__Information supplied__:
------------------------------------------------
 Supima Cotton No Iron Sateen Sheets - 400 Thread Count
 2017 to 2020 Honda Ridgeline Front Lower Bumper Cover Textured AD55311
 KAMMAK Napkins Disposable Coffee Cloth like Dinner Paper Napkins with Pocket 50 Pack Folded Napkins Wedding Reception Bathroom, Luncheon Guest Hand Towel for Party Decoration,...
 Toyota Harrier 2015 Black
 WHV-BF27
------------------------------------------------
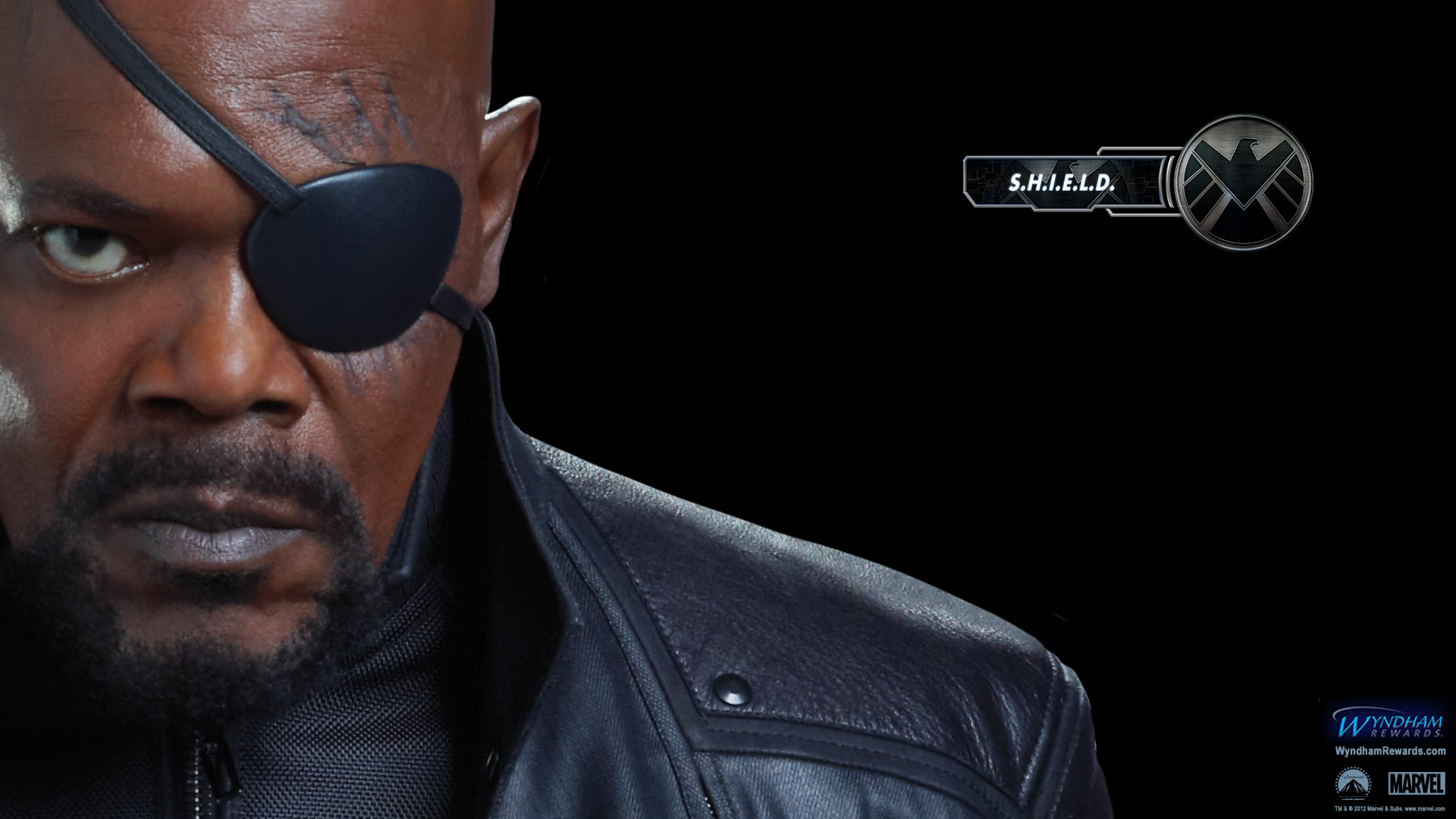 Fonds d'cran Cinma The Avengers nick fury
------------------------------------------------
__What the exercise asks__: Starting at the line above that holds "Supima Cotton No" and ending at the line that holds "2017 to 2020", transcribe each line exactly and include no other lines.

__Result for this exercise__:
 Supima Cotton No Iron Sateen Sheets - 400 Thread Count
 2017 to 2020 Honda Ridgeline Front Lower Bumper Cover Textured AD55311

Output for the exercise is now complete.